China Trade Deficit Masks Strength Risking U.S. Trade SpatBloomberg News
Exports are poised to increase most since 2012, ING forecasts
China trade deficit unlikely to continue, ANZ economist says
China trade hawks can hold off on celebrating for now. Despite the rare trade deficit China chalked up in February as imports surged the most in five years, underlying data suggest exports are on a rising trajectory that risks fanning trade tensions with the U.S.
Shipments in January and February combined rose 13.3 percent and both the official and Caixin purchasing managers indexes for exports rose last month to the highest levels in more than two years. Analysts said seasonal factors linked to the annual week-long Lunar New Year holiday help explain February’s trade deficit, the first in three years.
Exports are poised to gain support this year from a weaker yuan and indications of stronger U.S. consumer demand. That’s unlikely to sit well in a Donald Trump White House bent on reducing the trade deficit, or with Commerce Secretary Wilbur Ross, who said last week specific measures against China will be announced as soon as a proper case is prepared.
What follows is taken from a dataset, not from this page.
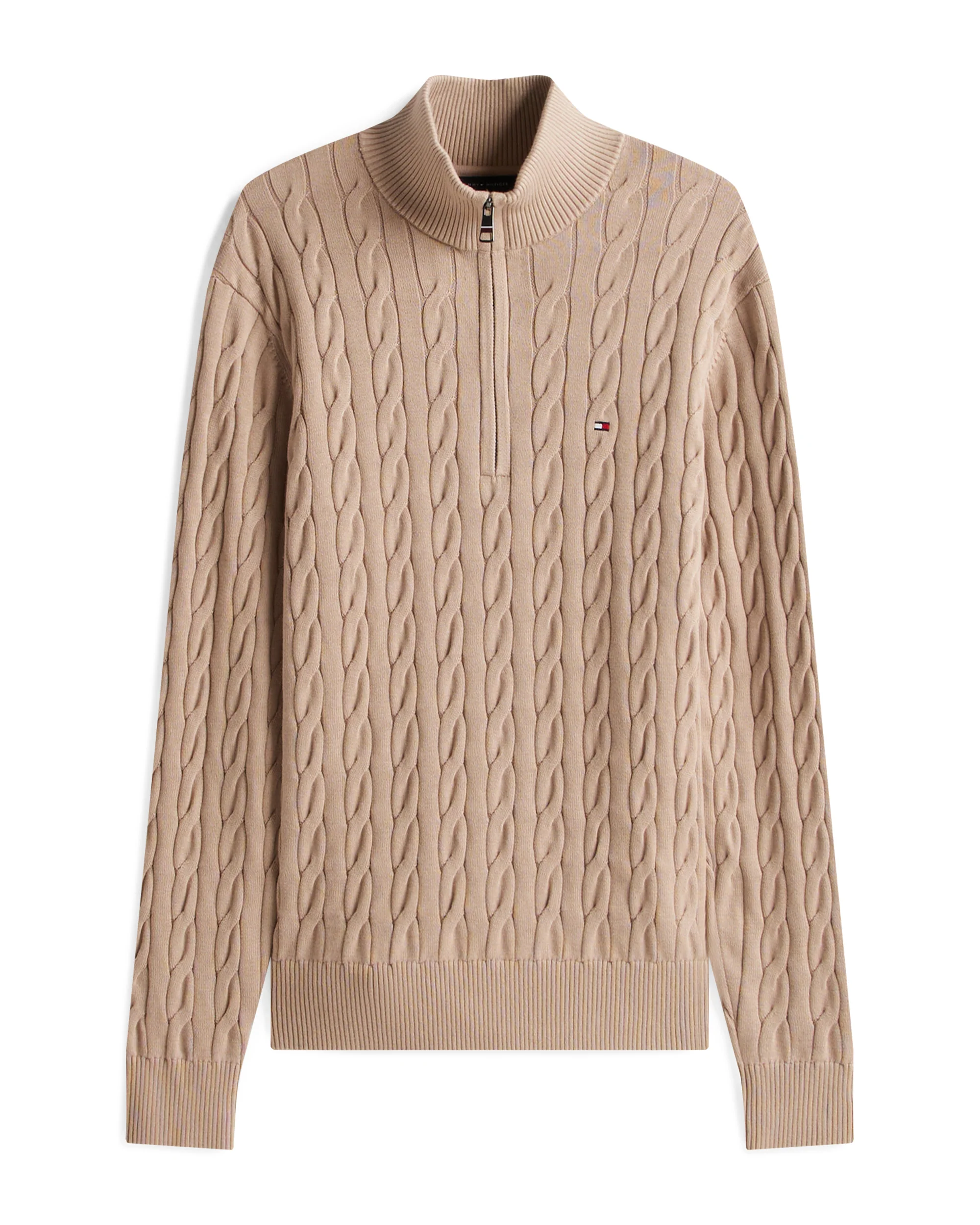 Tommy Hilfiger Classic Cotton Cable Mens Half Zip Mock Sweatshirt - Coastal Taupe - Image 5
"Export growth this year is set to be the strongest since 13.3 percent in 2012" in yuan terms, according to Tim Condon, head of Asian research at ING Groep NV in Singapore. "That acceleration and a wide trade surplus could exacerbate trade tensions with the U.S."
Condon sees exports surging 10 percent this year, in yuan terms, and the trade surplus narrowing slightly to 3.2 trillion yuan ($463 billion) from 3.4 trillion yuan last year.
China is continuing a rapid swing away from factory deflation with producer prices, scheduled for release Thursday, estimated to have surged 7.7 percent, the most since 2008. That shift is helping restore exporters’ margins, boost profits, and cut real borrowing costs.
At the same time, the 38.1 percent surge in China’s February imports, driven by factors including recent commodity price increases, can’t be sustained, according to economists from Capital Economics Ltd. and RBC Capital Markets LLC.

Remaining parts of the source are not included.